1. Similar to the brute-force method, struct Pair is defined, and an array of pairs is initialized.
2. A bool array wasprinted of the same size as pairs is introduced. All its elements are initialized to false. This array acts as a flag for each pair.
3. The outer for loop iterates through each pair pairs[i].
4. Before processing pairs[i], it checks if (!wasprinted[i]). If the flag for pairs[i] is true, it means this pair has already been processed as part of a symmetric pair, so it's skipped.
5. If wasprinted[i] is false, an inner for loop searches for its symmetric counterpart pairs[j] among the subsequent pairs.
6. When a symmetric counterpart pairs[j] is found, an additional check !wasprinted[j] ensures that this jth pair hasn't also been processed.
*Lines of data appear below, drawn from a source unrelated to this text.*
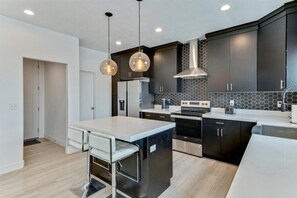 Private kitchen - Right off Freeway, Quiet Neighborhood, King Bed! (Vineyard)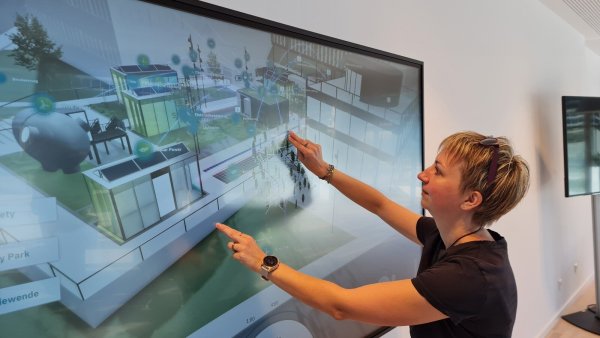 Kleine Einführung: Hier lernen die Besucher im großen Pavillon direkt am Touch-Screen, wie sie sich im Park zurechtfinden. Sie können selbst Videos und viele Bilder starten. - © Marianne Schwarzer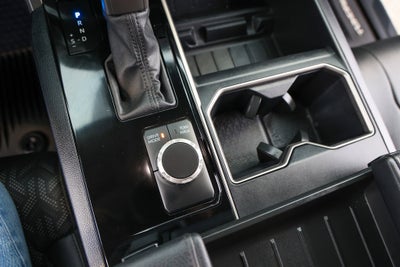 2024 Toyota TUNDRA 4X2 SR5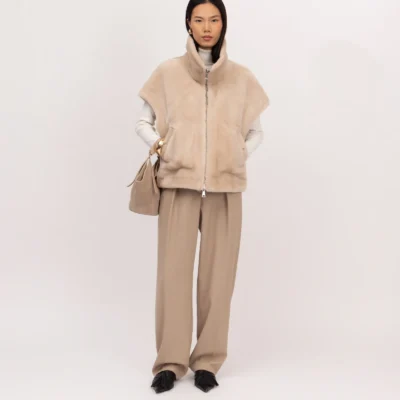 Urbancode Merino faux fur vest sand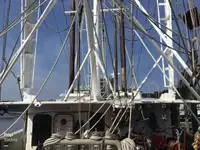 Trallers pārdod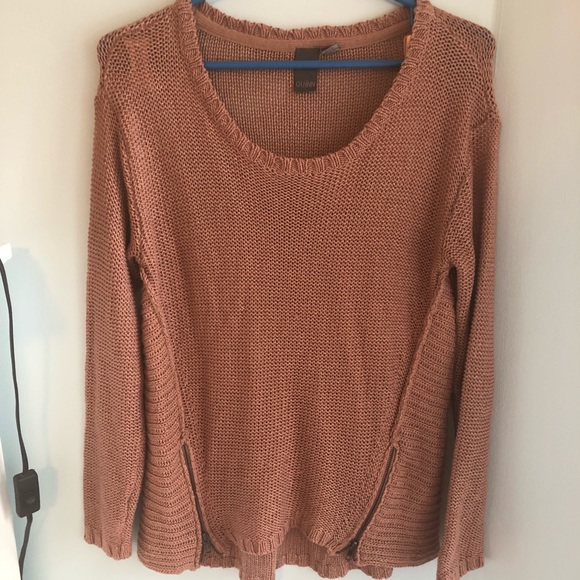 Sweater - Picture 1 of 3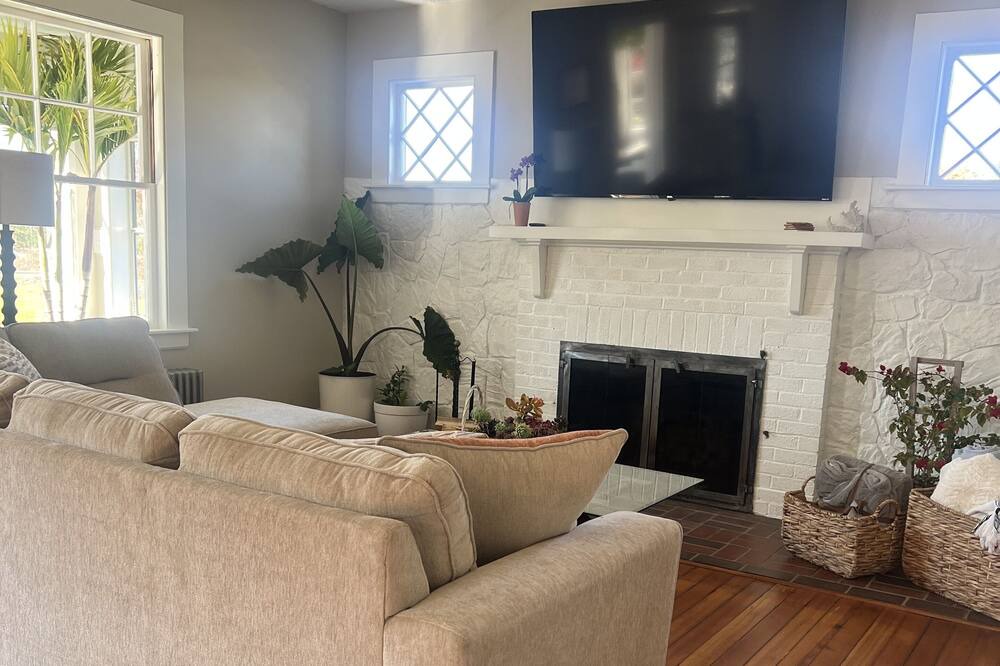 Photo of Livingroom in Weweantic
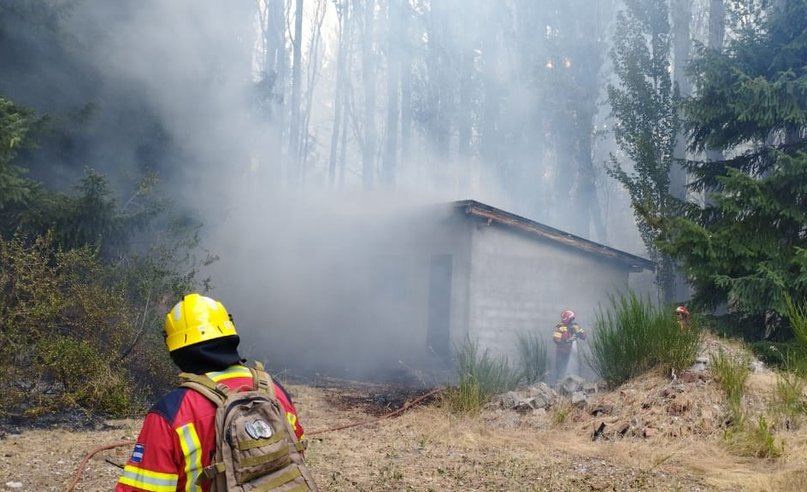 Más de 400 personas participan en el operativo para controlar el incendio de Epuyén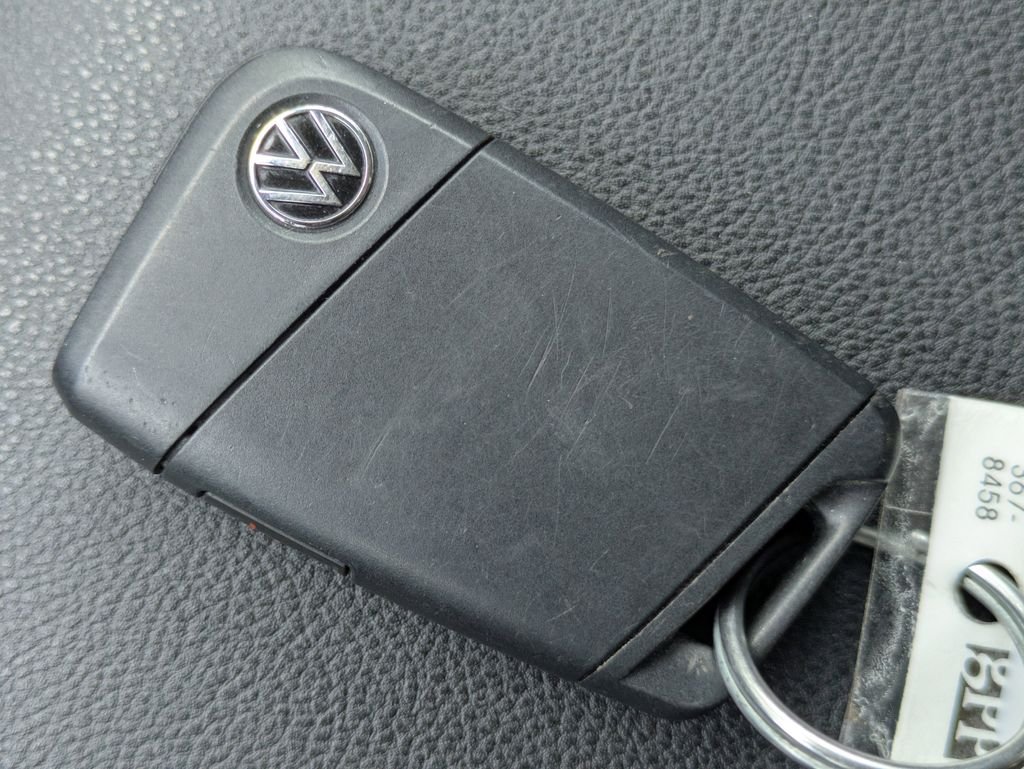Used 2024 Gray Volkswagen 1.5T SE image 32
If both conditions are met, the symmetric pair (pairs[i], pairs[j]) is printed.
7. Both wasprinted[i] and wasprinted[j] are set to true to prevent future re-processing of these pairs.
8. A break statement is used after finding and marking a symmetric pair for pairs[i]. This allows the outer loop to proceed to the next un-flagged pair, avoiding unnecessary inner loop iterations for an already handled i.

Conclusion

Finding symmetric pairs in an array is a fundamental problem that highlights different approaches to data traversal and comparison. The brute-force method, while simple, serves as a good starting point for understanding the problem. The optimized approach, using a was_printed flag array, demonstrates a practical way to improve efficiency by avoiding redundant checks and ensuring each symmetric pair is reported only once. The choice between these methods often depends on the size of your dataset and the performance requirements of your application.

Summary

• A symmetric pair (a, b) exists if (b, a) is also present in the given dataset.
• C struct can effectively represent pairs of data.
• The brute-force method uses nested loops to compare every pair with every other pair, with a time complexity of O(N^2).
• An optimized approach uses an auxiliary boolean array to mark pairs that have already been processed, preventing duplicate outputs and slightly improving practical performance, though its worst-case time complexity remains O(N^2).
• Including stdbool.h allows the use of true and false for clearer boolean logic in C.